Will the campus look at the status of women in both the U.S. and abroad?
Hartford: Yes. As women living in the United States, it is important for our students to hear from women like Shirin Ebadi who — as an Iranian human rights activist — can help us understand what it is like for women in other parts of the world. Even though women have not achieved total parity with men in the U.S., in comparison to the rest of the world, American women still represent a highly privileged minority. Our students also need to be exposed to the areas of the world where women have more rights and privileges.
What impact do you anticipate the theme having on the campus?
Hartford: With so many different generations of women represented in the Meredith community, I see the theme as a way to bring the campus community together.

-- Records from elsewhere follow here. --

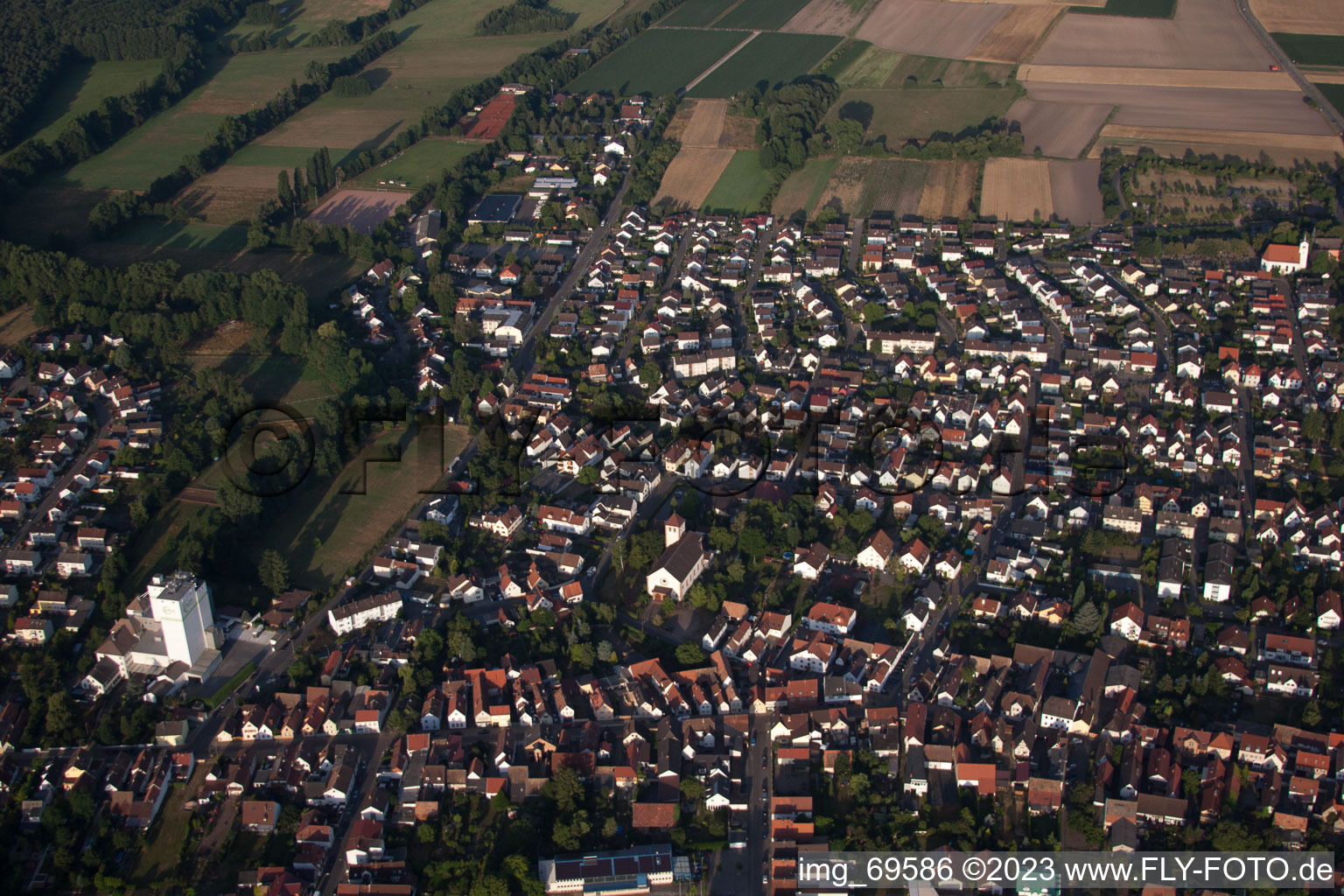 Bird's eye view of District Iggelheim in Böhl-Iggelheim in the state Rhineland-Palatinate, Germany
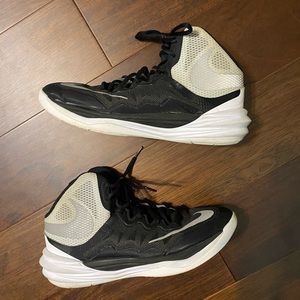 Nike Prime Huperdunk Basketball Shoes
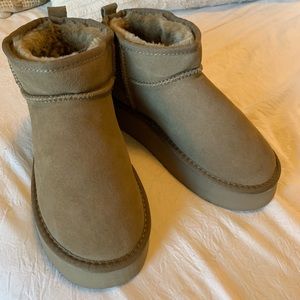 Platform Ugg mini boots (mustard seed)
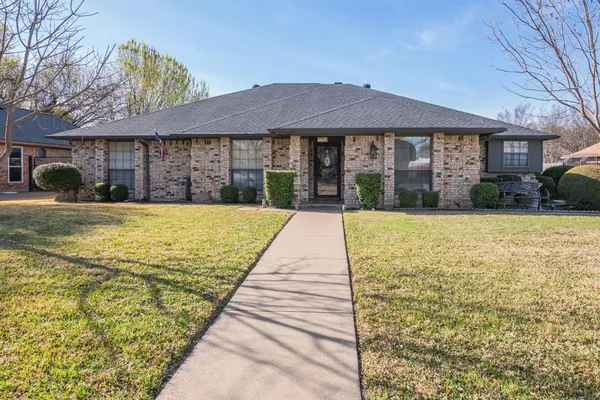 $385,000 | 6620 Diamond Ridge Drive, North Richland Hills, TX 76180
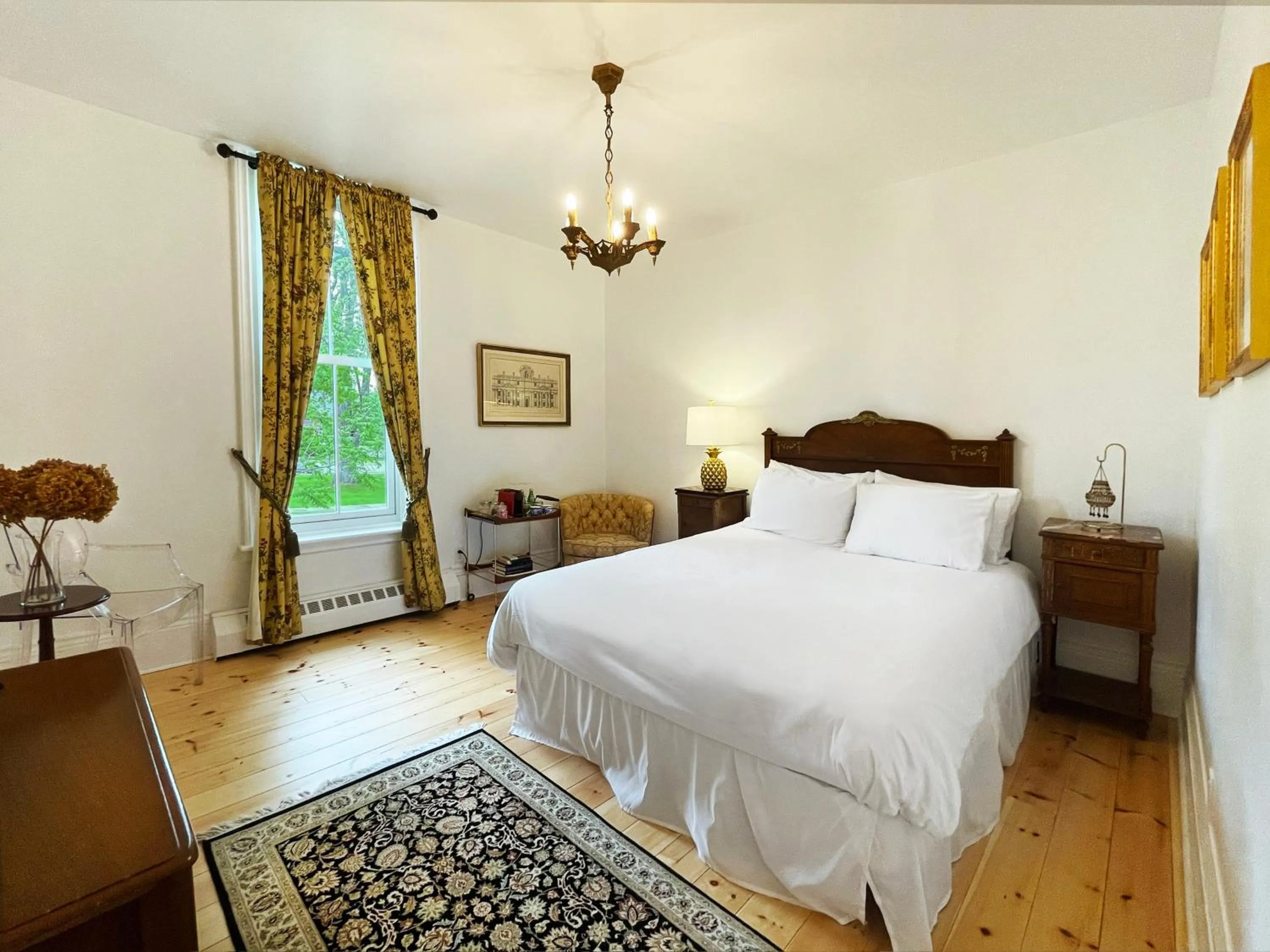 Bedroom, Bed in Merrill House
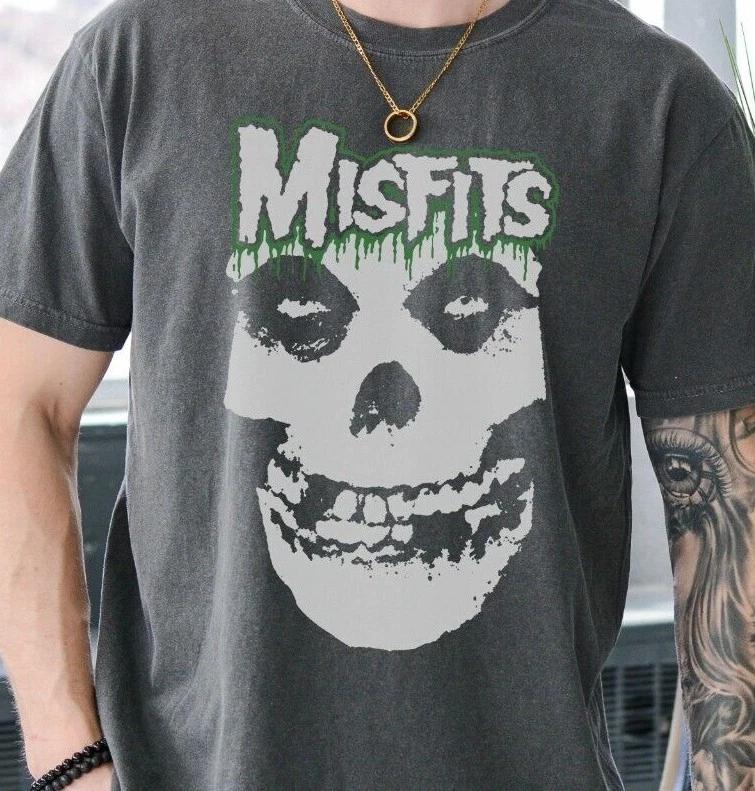 Misfits Crimson Ghost T-Shirt 80s Punk Rock Vintage Blac Comfort Colors 1717 Tee M
Misfits Crimson Ghost T-Shirt 80s Punk Rock Vintage Blac Comfort Colors 1717 Tee M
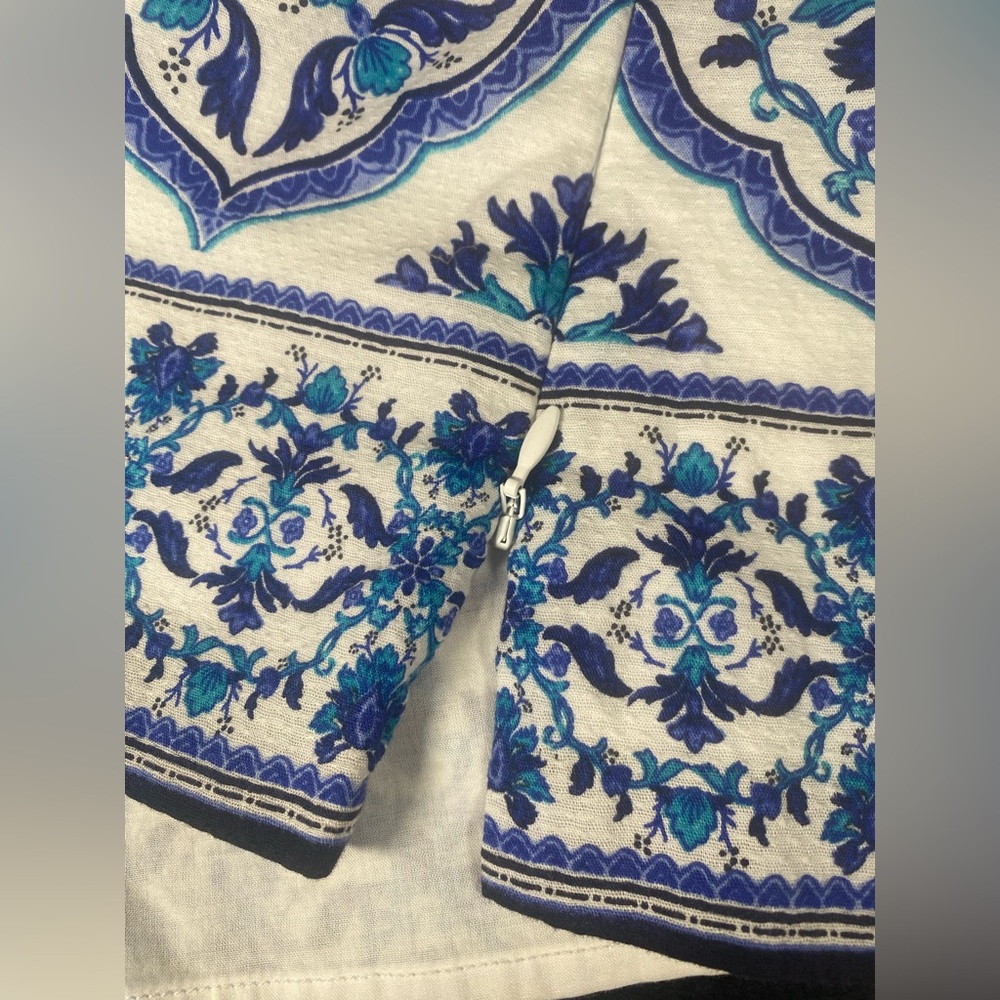 Talbots 10P Blouse Sleeveless White Blue Floral Medallion Lined Side Zip Top - Picture 7 of 12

At the end of the year, I hope we will have had serious discussions throughout the campus in as many fields as we can possibly touch on. I hope students will view the series as having had an impact on their lives and that they will have participated in discussions that stretch them and make them uncomfortable.
How does Meredith's 2006 Summer Reading Program selection relate to the "Status of Women" theme?
Hartford: No Ordinary Time is a Pulitzer-prize winning book about Franklin and Eleanor Roosevelt that was written by a female historian. The book provides a view into the U.S. presidency at a critical time for women – a time when women were finding options that had not previously been available to them before the World War II.
Eleanor Roosevelt was an influential first lady – she redefined the role. Because he could not travel, Eleanor was in many ways Franklin's view into the world. His presidency was greatly influenced by her views and she made a huge impact on some of his policies. She was incredibly sympathetic to those who were less fortunate and she pushed Franklin to do things like desegregate the military.